Publicity surrounding Kondo’s success says that self-help manuals were the fastest-selling category of printed books in 2014. And it may come as a surprise to the elder lemons among us that a significant chunk of the readership is the young, from those starry-eyed first-time buyers barred from dumping all of their unwanted junk in Mum and Dad’s garage, to loft-dwelling hipsters needing extra elbow-room for their vintage shirts and beard-trimmers.

So have we become a nation once again of de-clutterers, young and old alike? Charity store donations are a reliable indicator of trends. At Enable Ireland, communications manager Aghna Hennigan says that donations were actually down in recent years.

“People weren’t buying the same quantity of clothes as in the boom, and they weren’t clearing out as much either. Corporate donations were down too – we used to get some donations of end-of-line stock from clothes retailers, but this dried up too.”

Confidence has now reared its head again as the economy shows signs of recovery, and donations are on the increase once more as people clear out their wardrobes. Incidentally, the most unusual donation one branch received was a litter of live bunnies – obviously given straight over to the ISPCA, Hennigan reassures.

Books devour space, and so, as you might expect, are currently the biggest category of donations to charity due to the rise and rise of the Kindle e-reader. But that little book donation flurry has eased, says Christine Kostik, manager of Oxfam Books on Dublin’s Parliament Street, along with a change in the type of donor.

“Donors are either selling their books or are not buying as they used to and therefore not donating, or passing them onto friends and family. I also think these donors donate the books they feel they could replace if necessary in e-book form.

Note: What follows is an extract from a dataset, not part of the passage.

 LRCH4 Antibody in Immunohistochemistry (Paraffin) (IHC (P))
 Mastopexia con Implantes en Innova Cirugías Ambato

They keep the more specialised books or ones of sentimental value.”

Certainly, people shifting address or emigrating still figure highly in type of donor, she says.

“We still get donations from people who are moving apartment, house or country, and do not have the space to take their books or music with them. I also think that some donors have moved into smaller living spaces and now have to enforce the ‘get a book, donate a book’ rule. A customer the other day said it was either that or she wouldn’t be able to get into her bed.”

For those of us for whom the association with the word “magic” is not tidying up, Kondo insists it can be a therapeutic experience. She even has a CD of classical music (pieces by Chopin, Back and Ravel) to listen to in the background as you alternate between guilt and anxiety over binning unwanted pressies from your beloved and chucking out your little darling’s artistic masterpieces from playgroup, circa 1995. But as we struggle for space in our bloated homes groaning with excess junk, knowing we will never measure up to the standards of this Zen housekeeper, a degree of consolation lies ahead. News just in (tap nostril twice and point finger): Maria Kondo is expecting her first child.